→ Assignment
In the data below, locate each line with the word "Leather" and list it.

→ Data records
++++++++++
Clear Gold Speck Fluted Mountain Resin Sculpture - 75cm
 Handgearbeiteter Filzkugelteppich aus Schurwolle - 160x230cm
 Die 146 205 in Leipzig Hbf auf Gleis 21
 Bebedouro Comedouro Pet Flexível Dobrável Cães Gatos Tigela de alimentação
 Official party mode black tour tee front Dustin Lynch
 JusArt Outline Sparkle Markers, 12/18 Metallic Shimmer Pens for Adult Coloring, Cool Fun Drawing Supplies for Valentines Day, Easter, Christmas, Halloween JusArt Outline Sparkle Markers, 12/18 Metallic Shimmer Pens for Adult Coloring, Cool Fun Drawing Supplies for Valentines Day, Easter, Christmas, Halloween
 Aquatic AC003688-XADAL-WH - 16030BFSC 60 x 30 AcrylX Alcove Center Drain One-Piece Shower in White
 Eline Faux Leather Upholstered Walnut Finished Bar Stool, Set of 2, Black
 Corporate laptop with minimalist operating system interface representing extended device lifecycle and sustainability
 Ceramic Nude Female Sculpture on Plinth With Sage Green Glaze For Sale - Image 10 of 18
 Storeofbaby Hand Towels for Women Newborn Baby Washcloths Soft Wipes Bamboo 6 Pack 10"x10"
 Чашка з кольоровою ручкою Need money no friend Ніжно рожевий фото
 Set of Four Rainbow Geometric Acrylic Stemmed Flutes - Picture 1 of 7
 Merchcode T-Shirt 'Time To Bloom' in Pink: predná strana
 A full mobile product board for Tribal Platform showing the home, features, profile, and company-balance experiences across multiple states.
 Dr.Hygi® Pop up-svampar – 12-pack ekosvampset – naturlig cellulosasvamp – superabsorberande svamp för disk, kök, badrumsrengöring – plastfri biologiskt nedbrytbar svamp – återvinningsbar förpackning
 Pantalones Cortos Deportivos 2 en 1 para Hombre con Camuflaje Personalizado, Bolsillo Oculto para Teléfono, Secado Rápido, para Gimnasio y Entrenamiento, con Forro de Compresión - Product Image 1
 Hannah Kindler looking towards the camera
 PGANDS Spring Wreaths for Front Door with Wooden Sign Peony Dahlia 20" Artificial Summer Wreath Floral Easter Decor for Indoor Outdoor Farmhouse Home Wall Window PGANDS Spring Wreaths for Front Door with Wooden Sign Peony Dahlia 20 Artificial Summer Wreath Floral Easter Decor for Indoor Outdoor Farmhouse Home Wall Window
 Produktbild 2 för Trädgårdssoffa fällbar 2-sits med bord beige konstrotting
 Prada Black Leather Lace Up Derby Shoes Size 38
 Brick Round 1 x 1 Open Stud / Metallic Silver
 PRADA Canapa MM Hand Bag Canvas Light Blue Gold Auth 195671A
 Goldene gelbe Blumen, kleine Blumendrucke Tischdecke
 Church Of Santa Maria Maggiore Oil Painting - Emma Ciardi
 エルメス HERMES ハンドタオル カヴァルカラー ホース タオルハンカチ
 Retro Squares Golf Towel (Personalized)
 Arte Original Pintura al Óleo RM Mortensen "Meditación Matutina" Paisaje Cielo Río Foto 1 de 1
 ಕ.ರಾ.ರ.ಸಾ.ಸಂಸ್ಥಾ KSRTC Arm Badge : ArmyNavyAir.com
++++++++++
→ Answer to this task
 Eline Faux Leather Upholstered Walnut Finished Bar Stool, Set of 2, Black
 Prada Black Leather Lace Up Derby Shoes Size 38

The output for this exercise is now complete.